The Alley of the Universe

Element 6- found log (at the Nature Center and Observatory Passaic, New Jersey), covered with copper sheet, 72 x 27 x 45 cm

Element 5 - found brick (at the Rose Center For Earth and Space, NYC, USA), covered with copper sheet, 27 x 9 x 6 cm

Element 4 - found pitchfork (at the Rose Center For Earth and Space, NYC, USA), covered with copper sheet, 73 x 10 x 7 cm

Element 3 - found stone (at the Rose Center For Earth and Space, NYC, USA), covered with copper sheet, 36 x 18 x 27 cm

Element 2 - found wooden table leg (at Baia Mare Observatorium, Romania), covered with copper sheet, 73 x 10 x 7 cm

Element 1 - found piece of wood (at Baia Mare Observatorium, Romania), covered with copper sheet, 18 x 18 x 18 cm

I call this project “The Alley of the Universe"; somewhat open-ended as I wish to leave it –not wanting to commit to an extend that the natural progress of the project may be endangered– detailing the conceptual basis for it, as well as connecting it to both the themes, techniques, and aesthetic of extant pieces of work of mine. The house I grew up in, the house where my parents still live, is on Aleea Universului, in the Romanian municipality of Satu Mare; and it is this street’s name that my project takes on: “Alley of the Universe". But I am aiming for more than homonymy.

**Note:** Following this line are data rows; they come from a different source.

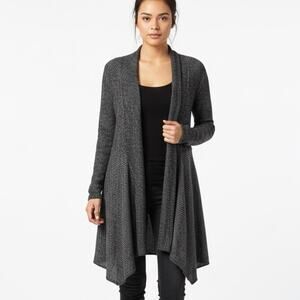 CAbi Cloak Cardigan Womens M Charcoal Gray pen Front Knit Longline Minimalist
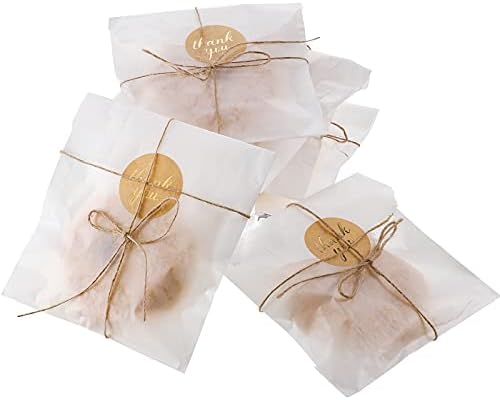 100 Pieces Glassine Wax Paper Bag Cookie Bags Gourmet Bags, 100 Pieces Thank You Label Stickers and 263 Feet Jute Rope for Party Favors, Candy Cookie Chocolate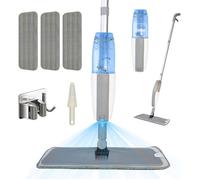 Balais Serpillère Vaporisateur, Microfibre Balai Pulvérisateur Spray Mop avec Reservoir pour la Maison la Cuisine Le Bois Dur 3 Pad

Allow me to start with a schematic outline of the practical side of the project, and, relatedly, the physical manifestation of the envisioned end result. I wish to visit distinct locations around the world that host cosmological institutions, in lack of better terms, institutions ranging from humble observatories to the headquarters of NASA, and sample, if not collect per se, elements from these topoi aiming to subsequently reassemble and reconstruct the Alley of the Universe. The elements would, foreseeable so, vary wildly: there would have to be straightforwardly architectural elements –imprints of walls, staircases, doors– elements that are functional in a wider sense –gutters, water hoses, fire-hydrants– elements defying categorisation –perhaps a tree, a log, or a football; this is a part I wish to leave open-ended; I wish to allow the places to impress me, the process to flow naturally. The materials and techniques I am considering would vary as well, they would depend on the physical nature of the object whose imprint or replica I would aim to create, just as much as on the symbolisms and/ or potential for synergies it inspires in me; although open-ended as well, the overall aesthetic of the final result can already be anticipated: I wish to continue working with copper, wood, perhaps clay. The conceptual bases of the project I can more extensively detail, and as I hinted earlier, the conceptual thread bears significantly on, and furthers the dialectic underlaying the most recent of my works most overtly.


The personal element is the most obvious one: Aleea Universului is where I grew up, itis riddled with memories for me, it is deeply imprinted in my (sub)conscious, it is, perhaps, still more of a home than I have ever lived seeing as the travelling, migrant artist reality is a rather nomadic one. But it is only apparently paradoxically so –I wish to suggest– that something so incredibly personal is most readily universally communicable and graspable: you too have a place you grew up in, you too have growing-up memories with strong associations, you too have your Alley of the Universe; who has not had a childhood? The element of locality is particularly prominent, too; the Alley of the Universe pays homage to the remnants of Romania’s communist history in Transylvania. But, fortunate as I am, the very name of the street lends itself to the homonymous project fitting it in a global picture, one in which the local and the universal relate in more synergistic and revealing a manner than that of a mere part-whole one: not only does the local host individual human experiences whose essence transcends the particular and, frankly, inaccessible, the localities composing the global and serving as ground for the human condition to be realised are, so to speak, united under a common sky. If you were not to wander past the street you grew up in, the variations of the human condition would indeed seem overwhelming, but travel past these confines, perhaps travel between the four points of a compass, or simply look up. And this is where the cosmological element–again, pronounced in the very title, and furthered through the very project that would have me hunt after Earthly places devoted to space– comes in. Wherever you would build an observatory –whatever your location in space-time, whatever your head-space and phenomenology– if you were to reflect upon the fact of, the mysteries of the vastness we are together all floating around in, it would make no difference to your findings. Inescapably so, any one street, any one life, is a universal one. At least that is what I wish to suggest. And such a realization I believe affords a most welcome, an imperative even, change in perspective; it breeds a global consciousness that is truest and readily available to all yet remains elusive, perhaps blinded as we are by our fixation on colonizing, commodifying, dividing. Space remains virgin; we have not yet been able to manifest these tendencies of ours beyond Earthly ground.